Three-question framework for evaluating any agentic memory system. Every decision about memory architecture maps to one of these three verbs.
MemSearch 3-Tier Retrieval
- L1: memsearch search -- hybrid dense vectors + BM25 keywords + RRF fusion
- L2: memsearch expand chunk_hash -- full markdown section around match
- L3: parse-transcript session.json -- raw dialogue as last resort
Progressive disclosure retrieval: only go deeper when needed. Semantic search means pricing finds monetization without exact keyword match.
Hermes Frozen Snapshot Injection
- SOUL.md (~1.8 kB) -- agent identity / operating principles
- USER.md (1.4 kB cap) -- user profile, preferences, working style
- MEMORY.md (2.5 kB cap) -- curated project facts, decisions, context
- Daily log -- optional, today session context
~3000 tokens loaded once at session start, prefix-cached.
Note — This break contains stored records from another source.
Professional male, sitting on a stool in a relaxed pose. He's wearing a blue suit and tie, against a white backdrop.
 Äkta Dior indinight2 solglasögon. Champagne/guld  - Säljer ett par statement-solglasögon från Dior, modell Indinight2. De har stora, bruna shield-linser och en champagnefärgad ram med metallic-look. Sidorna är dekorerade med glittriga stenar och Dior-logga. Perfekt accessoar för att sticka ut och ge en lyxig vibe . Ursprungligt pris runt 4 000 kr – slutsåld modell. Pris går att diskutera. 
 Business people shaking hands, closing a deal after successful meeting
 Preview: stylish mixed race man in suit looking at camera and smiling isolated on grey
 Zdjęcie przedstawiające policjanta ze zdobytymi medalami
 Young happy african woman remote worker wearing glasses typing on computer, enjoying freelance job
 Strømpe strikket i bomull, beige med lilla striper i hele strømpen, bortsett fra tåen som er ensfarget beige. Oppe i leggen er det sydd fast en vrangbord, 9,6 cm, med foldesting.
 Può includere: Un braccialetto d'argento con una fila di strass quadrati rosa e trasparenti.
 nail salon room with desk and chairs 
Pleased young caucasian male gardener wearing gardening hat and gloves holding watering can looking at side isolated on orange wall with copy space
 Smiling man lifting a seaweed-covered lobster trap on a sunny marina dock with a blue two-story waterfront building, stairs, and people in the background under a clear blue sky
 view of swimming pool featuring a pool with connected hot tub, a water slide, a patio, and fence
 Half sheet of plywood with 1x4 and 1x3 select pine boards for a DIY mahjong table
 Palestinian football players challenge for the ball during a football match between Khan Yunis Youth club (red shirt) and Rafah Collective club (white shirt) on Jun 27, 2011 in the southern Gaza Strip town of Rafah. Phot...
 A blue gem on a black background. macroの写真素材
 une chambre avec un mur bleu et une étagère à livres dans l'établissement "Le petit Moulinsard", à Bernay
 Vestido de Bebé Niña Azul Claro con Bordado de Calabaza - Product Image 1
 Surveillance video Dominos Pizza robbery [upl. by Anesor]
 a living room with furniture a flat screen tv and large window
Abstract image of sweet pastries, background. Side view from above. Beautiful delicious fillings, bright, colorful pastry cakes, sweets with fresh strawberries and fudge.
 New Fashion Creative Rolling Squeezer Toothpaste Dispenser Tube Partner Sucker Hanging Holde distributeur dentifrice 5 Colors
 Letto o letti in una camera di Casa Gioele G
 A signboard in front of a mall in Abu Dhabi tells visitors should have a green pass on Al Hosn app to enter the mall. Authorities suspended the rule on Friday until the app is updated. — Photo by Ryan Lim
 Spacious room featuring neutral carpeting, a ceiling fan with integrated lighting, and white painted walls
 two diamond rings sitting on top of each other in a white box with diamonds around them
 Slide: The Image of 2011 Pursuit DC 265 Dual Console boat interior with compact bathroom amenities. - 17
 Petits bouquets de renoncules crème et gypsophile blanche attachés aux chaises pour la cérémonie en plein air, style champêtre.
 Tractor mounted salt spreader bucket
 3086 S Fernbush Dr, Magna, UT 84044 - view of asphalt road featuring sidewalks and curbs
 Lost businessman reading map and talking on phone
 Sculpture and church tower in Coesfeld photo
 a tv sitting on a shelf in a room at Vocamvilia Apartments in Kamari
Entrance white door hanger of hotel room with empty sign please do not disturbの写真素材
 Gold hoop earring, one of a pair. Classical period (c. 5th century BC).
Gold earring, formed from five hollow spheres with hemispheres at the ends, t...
Mid-session writes persist to disk but take effect NEXT session (frozen snapshot principle).
Hybrid Memory Architecture
- STORE: auto-memory + MemSearch stop hook + agent MEMORY.md/USER.md writes + nightly cron index
- INJECT: Hermes frozen snapshot (~3000 tokens cached per session)
- RECALL: Tier-0 in-context, L1 MemSearch hybrid, L2 expand, L3 raw
Combines completeness (MemSearch captures everything) with quality (Hermes curates what matters most) and speed (in-context check before any DB query).
How they asked for the click.
“I will link below a completely free plan.md document for you to pass into Claude and set it up for yourself.”
Soft lead-in referencing the paid agentic OS, then free plan.md as the accessible on-ramp. Clean two-tier CTA: free DIY vs done-for-you community.